Other members of parliament referred to Conteh “as a man of integrity and sobriety”, calling on him to be innovative in executing his duties, and to revamp the economy by providing access to loans for Sierra Leoneans.
Both the Acting Minority and Majority Leaders of parliament – Jusufu B. Mansaray and Hassan Sheriff, respectively called on Conteh whom they referred to as an “home-grown” Bank Governor (a euphemism for Sierra Leonean appointees that were not trained overseas), to work closely with the Deputy Bank Governor to improve the management of money supply in the economy.
They also spoke about the need for improved access to loans to farmers, the effective management of the fisheries sector, and the stabilization of currency exchange rates.
It seems Dr Conteh has failed to deliver. But should he be blamed for the economic mess Sierra Leone is in today?
What went wrong in just over twelve months?
Sierra Leone’s economy was badly managed by the former government led by president Ernest Bai Koroma.
Public spending especially on non-essentials, was running ahead of revenue.
Sierra Leone’s single-track economy, its reliance on mining exports – especially iron ore, had started to falter long before Dr Conteh was appointed Bank Governor by a president who seemed totally incapable of diversifying the economy and broadening the country’s taxation base.
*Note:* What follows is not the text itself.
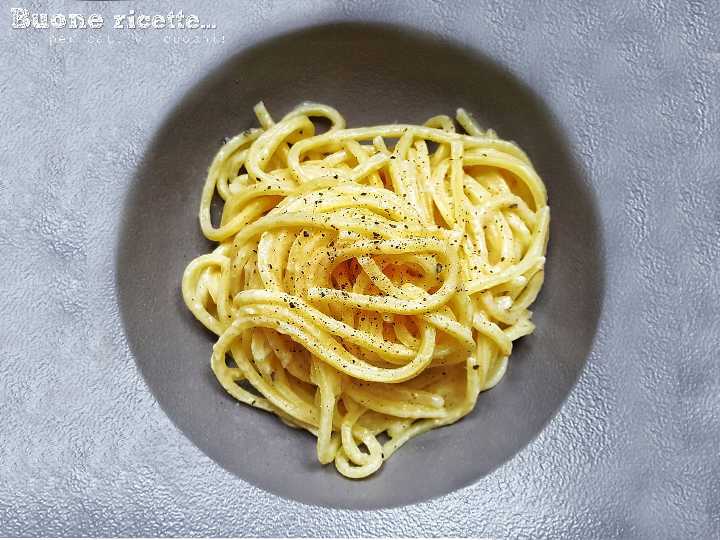 Modelagens que Valorizam: Encontrando o Corte Perfeito - inspiração 2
As exports fell, so too did the value of the Leone. As government borrowing rose, so too did interest rates, thus making it harder for businesses to grow, expand and create jobs for the millions unemployed in the country.
Many would say that the job of Central Bank Governor is a poisoned chalice irrespective of the occupant. But when the Bank Governor is not in control of the government’s monetary policy, public spending and government borrowing, questions must be asked about the role of the Central Bank in managing the economy.
So who is Dr Kelfala Kallon?
Dr Kelfala Kallon is an Associate Professor at the University of Northern Colorado, where he has lectured since 1993. He was Assistant Professor at Gettysburg College, USA in 1987 – 1993; and Assistant Professor, University of West Florida in 1983 – 1987.
He obtained his PhD in Economics at the University of Virginia in 1983, a BA degree in Economics at the Methodist College in 1976.
Kelfala is a prolific writer on issues affecting the development of Sierra Leone, especially governance and the economy.
Will Kelfala Kallon make a difference to the running of Sierra Leone’s economy, where others before him have failed?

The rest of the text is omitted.